Thames is an electoral ward of the Borough of Reading, in the English county of Berkshire. It includes areas on both sides of both the River Thames and the River Kennet, to the north and east of the centre of Reading on the south bank, and to the east of the centre of Caversham on the north bank. It should not be confused with the ward of the same name that existed prior to the 2022 Reading Borough Council election, with which it has no area in common.

From the north-west in clockwise order, Thames Ward is bounded by the River Thames, Caversham Bridge, Abbotsmead Place, School Lane, and Gosbrook Road, including, in places, properties on both sides of the road. The ward boundary then loops to the east of Deans Farm, before following the River Thames again as far as Kennet Mouth, from where it proceeds up the River Kennet.
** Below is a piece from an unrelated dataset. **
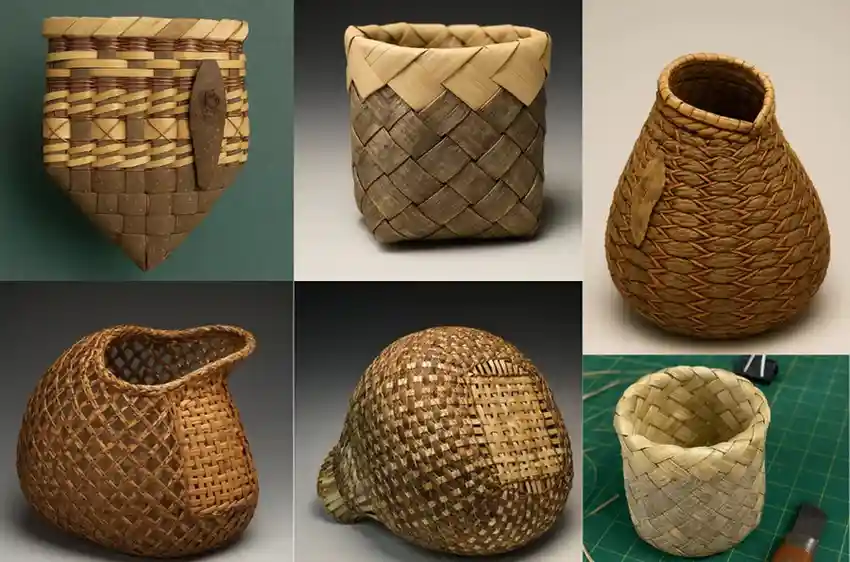 Plaiting Basket Weaving Techniques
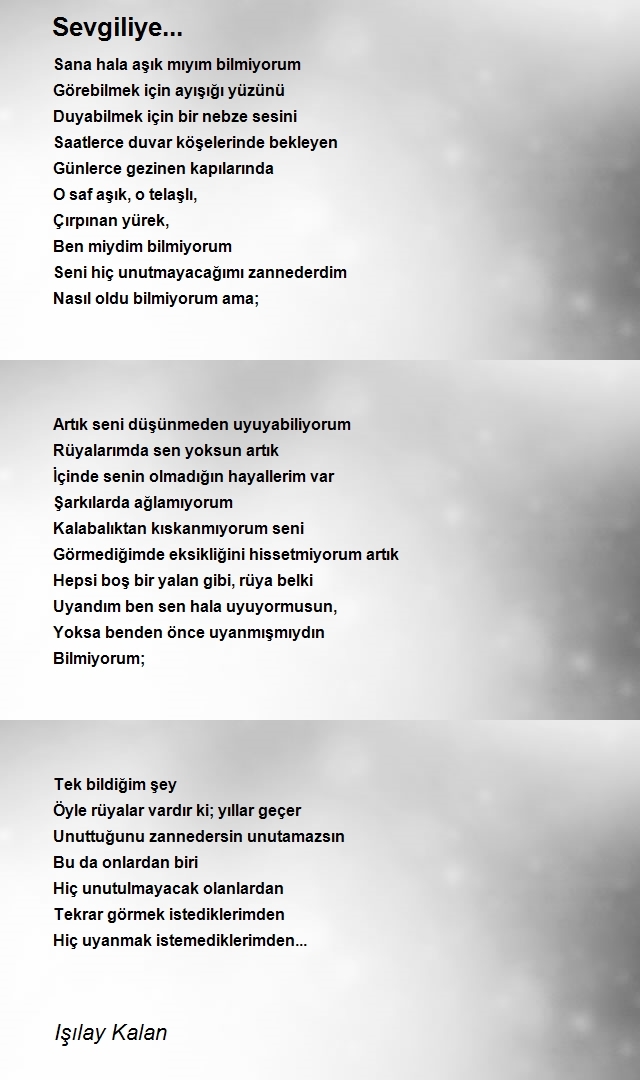 Işılay Kalan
It then cuts south through New Town to the Kings Road, which it follows to Forbury Road and the Vastern Road railway bridge. It then follows the Great Western Main Line as far as Cow Lane, which it follows back to the Thames. The ward shares borders with Caversham Heights, Caversham, Park, Redlands, Abbey and Battle wards of the Borough of Reading, along with the civil parish of Eye and Dunsden in Oxfordshire, and with the civil parish of Earley in the Borough of Wokingham.

As with all Reading wards, the ward elects three councillors to Reading Borough Council. Elections are generally held by thirds, with elections in three years out of four, although the 2022 elections were for all councillors due to the boundary changes. The ward councillors are currently Adele Barnett-Ward, Richard Davies and Nusrat Sultan, all of whom are members of the Labour Party.

The ward includes stretches of both the River Thames and River Kennet, with serval riverine islands including Pipers Island, Fry's Island and View Island, and several riverside parks including Thameside Promenade, Christchurch Meadows, Hills Meadow and Kings Meadow. The main campus of Reading College is also within the ward.